The positive association of PSE with subjective well-being is in line with previous findings [9, 1315, 54] showing that people high in self-esteem tend to report stronger life satisfaction, positive affect, meaning in life, and subjective vitality. Interestingly, in our study, PSE was not associated with life satisfaction when controlling for RSE and CSE; instead, RSE emerged as a stronger predictor (Studies 1, 2, and 5). These findings were consistent with the cross-cultural literature which shows that among East Asians, interdependent self-construal is more salient compared to the independent self-construal [26] as well as previous research [38] showing that the predictive effect of PSE on well-being among East Asians was not as strong as the effect among Westerners. The findings of the current study with regard to the primacy of RSE also corroborate previous experimental research which showed that East Asians mainly relied on RSE (but not PSE) to buffer death-related anxiety, but Westerners mainly counted on PSE (but not RSE) to reduce anxiety [40]. We suggest that RSE may be a stronger predictor of adaptive outcomes compared to PSE among more collectivist East Asians at least.

In contrast to PSE and RSE, CSE was not associated with subjective well-being across the four studies (perhaps an exception is that CSE was marginally associated with meaning in life in Study 2). This result appears surprising because previous findings showed that CSE contributed to subjective well-being, even after controlling for PSE [27, 31]. We conjecture that the non-significant association between CSE and well-being might be due to the lower priority allocated to the collective self (even among East Asians). Recently, researchers have found that both the individual self and the relational self have greater motivational primacy compared to the collective self [7]. If individuals do not consider the collective self as an important aspect of self-identity, it is reasonable to observe that CSE is not systematically associated to life satisfaction.
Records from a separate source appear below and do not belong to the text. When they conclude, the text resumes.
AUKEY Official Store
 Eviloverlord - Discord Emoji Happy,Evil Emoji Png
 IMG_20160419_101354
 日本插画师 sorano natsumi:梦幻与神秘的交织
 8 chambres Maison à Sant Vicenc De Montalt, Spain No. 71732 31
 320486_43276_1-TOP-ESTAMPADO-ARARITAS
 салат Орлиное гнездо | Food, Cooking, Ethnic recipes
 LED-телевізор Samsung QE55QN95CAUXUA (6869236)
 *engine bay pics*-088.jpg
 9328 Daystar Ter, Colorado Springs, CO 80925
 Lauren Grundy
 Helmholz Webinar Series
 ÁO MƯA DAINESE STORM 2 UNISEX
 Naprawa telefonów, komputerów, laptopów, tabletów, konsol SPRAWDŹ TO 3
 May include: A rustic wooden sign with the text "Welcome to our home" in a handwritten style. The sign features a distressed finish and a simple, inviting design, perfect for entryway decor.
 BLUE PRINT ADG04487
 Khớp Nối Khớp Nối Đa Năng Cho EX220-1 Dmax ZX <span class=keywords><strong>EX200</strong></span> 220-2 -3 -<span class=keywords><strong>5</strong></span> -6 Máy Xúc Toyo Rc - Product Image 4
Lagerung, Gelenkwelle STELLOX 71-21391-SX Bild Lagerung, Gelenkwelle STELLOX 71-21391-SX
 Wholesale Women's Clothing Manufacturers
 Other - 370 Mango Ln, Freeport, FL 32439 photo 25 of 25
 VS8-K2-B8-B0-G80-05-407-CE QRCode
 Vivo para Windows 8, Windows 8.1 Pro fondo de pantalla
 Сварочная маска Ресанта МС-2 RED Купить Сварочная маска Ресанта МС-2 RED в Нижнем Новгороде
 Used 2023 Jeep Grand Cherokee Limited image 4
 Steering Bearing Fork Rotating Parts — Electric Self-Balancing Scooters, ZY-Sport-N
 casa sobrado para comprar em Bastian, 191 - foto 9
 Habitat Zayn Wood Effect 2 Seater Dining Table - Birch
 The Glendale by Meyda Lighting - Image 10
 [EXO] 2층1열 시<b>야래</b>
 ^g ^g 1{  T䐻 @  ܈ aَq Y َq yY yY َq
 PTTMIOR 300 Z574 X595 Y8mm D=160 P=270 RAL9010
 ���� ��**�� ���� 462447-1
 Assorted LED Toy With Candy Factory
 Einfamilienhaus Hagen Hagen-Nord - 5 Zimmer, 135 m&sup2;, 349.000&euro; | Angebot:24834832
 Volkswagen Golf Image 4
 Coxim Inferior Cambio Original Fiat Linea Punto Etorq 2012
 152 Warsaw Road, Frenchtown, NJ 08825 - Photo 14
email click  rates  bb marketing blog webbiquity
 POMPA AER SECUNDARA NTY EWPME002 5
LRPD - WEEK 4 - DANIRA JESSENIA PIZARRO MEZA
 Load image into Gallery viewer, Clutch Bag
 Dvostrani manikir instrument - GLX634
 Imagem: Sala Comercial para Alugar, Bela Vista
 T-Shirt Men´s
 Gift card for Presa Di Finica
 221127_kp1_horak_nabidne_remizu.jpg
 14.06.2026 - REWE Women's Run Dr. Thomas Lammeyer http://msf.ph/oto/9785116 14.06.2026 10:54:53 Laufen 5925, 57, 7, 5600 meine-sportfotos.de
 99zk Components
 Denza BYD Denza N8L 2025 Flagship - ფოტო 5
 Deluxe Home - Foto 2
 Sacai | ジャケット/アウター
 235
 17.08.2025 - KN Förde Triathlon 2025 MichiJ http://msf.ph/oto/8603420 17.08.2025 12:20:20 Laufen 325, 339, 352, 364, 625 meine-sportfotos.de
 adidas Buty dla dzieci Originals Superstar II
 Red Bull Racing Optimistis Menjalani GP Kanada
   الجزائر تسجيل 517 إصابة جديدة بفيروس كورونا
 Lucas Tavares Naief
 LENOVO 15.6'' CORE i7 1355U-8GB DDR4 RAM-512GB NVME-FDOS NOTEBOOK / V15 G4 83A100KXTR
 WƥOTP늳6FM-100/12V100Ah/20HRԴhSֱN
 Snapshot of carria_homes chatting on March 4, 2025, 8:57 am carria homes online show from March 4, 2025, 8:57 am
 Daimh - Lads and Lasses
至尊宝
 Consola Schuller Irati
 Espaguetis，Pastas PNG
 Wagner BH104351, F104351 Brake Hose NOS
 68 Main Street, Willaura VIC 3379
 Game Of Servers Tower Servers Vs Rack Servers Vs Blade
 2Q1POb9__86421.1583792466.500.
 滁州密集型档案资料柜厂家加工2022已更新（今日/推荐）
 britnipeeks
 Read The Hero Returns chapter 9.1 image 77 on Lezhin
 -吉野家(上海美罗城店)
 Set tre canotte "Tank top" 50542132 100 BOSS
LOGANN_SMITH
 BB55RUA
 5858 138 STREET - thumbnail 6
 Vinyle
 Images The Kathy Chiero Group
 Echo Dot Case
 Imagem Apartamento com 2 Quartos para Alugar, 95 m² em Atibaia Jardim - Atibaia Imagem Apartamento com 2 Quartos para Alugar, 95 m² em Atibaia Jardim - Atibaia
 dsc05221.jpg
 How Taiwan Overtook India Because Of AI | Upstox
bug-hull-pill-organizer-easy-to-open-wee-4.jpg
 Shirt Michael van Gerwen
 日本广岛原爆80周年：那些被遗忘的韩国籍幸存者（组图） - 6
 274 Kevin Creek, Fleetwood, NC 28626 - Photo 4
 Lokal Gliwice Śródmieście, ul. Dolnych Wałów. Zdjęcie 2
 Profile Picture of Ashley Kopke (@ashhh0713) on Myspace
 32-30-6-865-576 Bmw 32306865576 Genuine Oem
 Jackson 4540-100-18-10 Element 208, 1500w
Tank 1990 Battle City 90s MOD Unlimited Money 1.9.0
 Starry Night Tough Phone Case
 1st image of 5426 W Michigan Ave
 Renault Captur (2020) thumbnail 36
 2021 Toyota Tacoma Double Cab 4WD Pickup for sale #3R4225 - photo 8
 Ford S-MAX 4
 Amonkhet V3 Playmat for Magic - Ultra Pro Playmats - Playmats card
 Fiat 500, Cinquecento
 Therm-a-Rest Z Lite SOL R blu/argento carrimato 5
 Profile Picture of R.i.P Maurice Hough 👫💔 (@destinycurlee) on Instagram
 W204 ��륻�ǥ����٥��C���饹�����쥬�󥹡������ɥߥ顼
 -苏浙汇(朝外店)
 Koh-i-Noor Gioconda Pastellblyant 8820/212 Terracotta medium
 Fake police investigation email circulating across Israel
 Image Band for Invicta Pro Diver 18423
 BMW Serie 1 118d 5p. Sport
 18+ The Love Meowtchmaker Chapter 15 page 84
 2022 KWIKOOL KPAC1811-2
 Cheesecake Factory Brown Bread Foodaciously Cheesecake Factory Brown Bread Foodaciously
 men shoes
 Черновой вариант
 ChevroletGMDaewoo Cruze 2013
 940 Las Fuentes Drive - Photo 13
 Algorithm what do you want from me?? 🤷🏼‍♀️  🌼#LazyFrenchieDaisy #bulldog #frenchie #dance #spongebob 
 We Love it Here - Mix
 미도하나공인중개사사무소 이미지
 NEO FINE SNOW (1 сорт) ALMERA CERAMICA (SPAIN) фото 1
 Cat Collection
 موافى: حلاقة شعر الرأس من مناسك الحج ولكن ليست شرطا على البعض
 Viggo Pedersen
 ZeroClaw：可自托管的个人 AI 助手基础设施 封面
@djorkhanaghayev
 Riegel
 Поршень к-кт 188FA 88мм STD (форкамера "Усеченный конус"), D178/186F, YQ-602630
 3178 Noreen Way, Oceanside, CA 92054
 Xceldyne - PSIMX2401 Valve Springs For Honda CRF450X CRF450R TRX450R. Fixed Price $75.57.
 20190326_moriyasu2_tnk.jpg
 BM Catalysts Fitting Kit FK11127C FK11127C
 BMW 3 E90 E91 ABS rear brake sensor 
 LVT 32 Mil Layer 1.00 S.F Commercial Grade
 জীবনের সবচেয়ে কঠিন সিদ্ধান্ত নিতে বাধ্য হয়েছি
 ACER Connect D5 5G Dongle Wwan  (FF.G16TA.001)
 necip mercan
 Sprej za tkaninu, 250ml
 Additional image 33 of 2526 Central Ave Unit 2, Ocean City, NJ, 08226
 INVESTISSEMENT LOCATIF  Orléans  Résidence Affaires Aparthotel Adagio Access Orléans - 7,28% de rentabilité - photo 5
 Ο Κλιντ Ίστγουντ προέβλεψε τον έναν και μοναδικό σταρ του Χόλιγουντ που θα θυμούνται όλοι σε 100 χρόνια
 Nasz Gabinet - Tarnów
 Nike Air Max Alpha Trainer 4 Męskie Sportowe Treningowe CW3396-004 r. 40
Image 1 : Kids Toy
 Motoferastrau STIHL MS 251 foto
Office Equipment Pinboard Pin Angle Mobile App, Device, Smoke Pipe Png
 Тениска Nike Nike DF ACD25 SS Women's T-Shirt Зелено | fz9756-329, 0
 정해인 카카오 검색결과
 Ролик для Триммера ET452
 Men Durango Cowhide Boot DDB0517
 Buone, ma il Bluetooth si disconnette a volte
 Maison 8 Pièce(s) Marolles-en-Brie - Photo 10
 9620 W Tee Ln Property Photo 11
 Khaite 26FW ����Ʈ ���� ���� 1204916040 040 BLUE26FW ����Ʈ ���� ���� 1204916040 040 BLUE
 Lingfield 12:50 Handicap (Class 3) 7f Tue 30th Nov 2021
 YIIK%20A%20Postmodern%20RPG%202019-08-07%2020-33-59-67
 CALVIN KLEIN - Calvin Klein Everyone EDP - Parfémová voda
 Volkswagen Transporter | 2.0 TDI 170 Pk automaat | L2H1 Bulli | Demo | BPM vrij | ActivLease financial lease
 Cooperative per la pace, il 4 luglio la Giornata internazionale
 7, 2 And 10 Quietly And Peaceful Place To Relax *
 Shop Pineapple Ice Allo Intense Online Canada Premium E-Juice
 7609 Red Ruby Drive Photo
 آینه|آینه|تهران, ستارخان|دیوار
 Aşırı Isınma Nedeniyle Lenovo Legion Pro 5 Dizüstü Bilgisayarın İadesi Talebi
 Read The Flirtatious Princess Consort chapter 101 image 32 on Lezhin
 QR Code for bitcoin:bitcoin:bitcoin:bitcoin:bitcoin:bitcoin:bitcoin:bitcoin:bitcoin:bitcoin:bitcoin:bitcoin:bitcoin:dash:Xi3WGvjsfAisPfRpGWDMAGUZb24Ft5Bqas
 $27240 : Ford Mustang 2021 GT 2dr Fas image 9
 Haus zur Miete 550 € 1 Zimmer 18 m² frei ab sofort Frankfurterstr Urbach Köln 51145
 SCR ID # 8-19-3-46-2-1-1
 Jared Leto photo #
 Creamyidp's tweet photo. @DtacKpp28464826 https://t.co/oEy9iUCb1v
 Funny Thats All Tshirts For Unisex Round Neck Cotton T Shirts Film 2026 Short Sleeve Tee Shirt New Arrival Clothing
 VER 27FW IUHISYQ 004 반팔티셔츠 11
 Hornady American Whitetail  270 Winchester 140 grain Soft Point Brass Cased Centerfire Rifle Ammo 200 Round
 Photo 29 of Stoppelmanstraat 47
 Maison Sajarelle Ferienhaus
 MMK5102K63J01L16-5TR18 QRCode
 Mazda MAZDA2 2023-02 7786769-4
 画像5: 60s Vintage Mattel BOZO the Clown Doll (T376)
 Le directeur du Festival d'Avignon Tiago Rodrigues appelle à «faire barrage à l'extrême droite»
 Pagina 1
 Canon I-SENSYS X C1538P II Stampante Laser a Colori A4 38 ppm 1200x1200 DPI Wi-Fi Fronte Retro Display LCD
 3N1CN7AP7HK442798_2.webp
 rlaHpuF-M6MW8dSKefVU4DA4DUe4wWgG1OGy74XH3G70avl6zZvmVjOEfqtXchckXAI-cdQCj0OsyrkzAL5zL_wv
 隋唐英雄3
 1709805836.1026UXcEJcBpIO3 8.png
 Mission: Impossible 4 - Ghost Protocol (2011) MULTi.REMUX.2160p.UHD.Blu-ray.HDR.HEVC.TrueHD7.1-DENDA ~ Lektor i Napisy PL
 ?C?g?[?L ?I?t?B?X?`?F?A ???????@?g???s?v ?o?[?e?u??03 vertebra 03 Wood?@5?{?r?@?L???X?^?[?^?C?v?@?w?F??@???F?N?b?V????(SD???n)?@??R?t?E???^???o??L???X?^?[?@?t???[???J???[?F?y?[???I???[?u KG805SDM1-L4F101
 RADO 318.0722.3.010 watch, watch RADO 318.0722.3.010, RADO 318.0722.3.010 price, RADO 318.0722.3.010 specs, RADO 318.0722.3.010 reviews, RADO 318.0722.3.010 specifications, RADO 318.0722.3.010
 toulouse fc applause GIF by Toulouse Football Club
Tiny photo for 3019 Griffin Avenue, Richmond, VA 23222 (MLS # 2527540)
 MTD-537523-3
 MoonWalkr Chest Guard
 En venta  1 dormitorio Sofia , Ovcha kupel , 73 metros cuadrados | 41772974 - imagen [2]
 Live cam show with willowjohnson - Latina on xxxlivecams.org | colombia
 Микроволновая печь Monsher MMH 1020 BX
These findings suggest that CSE may not be as relevant as PSE and RSE in understanding subjective well-being.

Considering that culture profoundly affects how people evaluate themselves [26], we suspect that among the three types of self-esteem, PSE could be a reliable predictor of well-being among Westerners and RSE might also be associated with well-being. However, CSE might have a very limited predictive effect on subjective well-being. Future studies need to examine the associations of the three types of self-esteem with subjective well-being in individualistic societies.

Although we observed a consistent pattern with RSE across five studies including a longitudinal survey, the conclusions should be interpreted with caution because our data were correlational and do not indicate causal relations. While it is plausible that RSE contributes to subjective well-being, we cannot rule out that subjective well-being leads to better self-esteem. To answer these questions, future research can utilize both longitudinal and experimental studies to establish the causal relationship between self-esteem and subjective well-being. In addition, our studies exclusively relied on college students’ self-reports of RSE and CSE. Future research might consider gathering information about individuals’ self-esteem from other sources, such as their close others, classmates, and teachers. Last, multiple indicators of well-being adopted in each study were correlated with each other so that the prediction of self-esteem on one indicator (e.g., life satisfaction) may be partially due to the association of self-esteem with another indicator of well-being (e.g., happiness). Future studies are needed to replicate the current findings by controlling for shared variance among multiple indicators of well-being (e.g., using structural equation modeling).

In spite of these limitations, the five studies presented here consistently demonstrated that self-esteem at the relational level (but not the collective level) is robustly related to subjective well-being. These findings contribute substantially to current theorizing on self-esteem and may be useful in developing interventions aimed at optimizing individuals' well-being.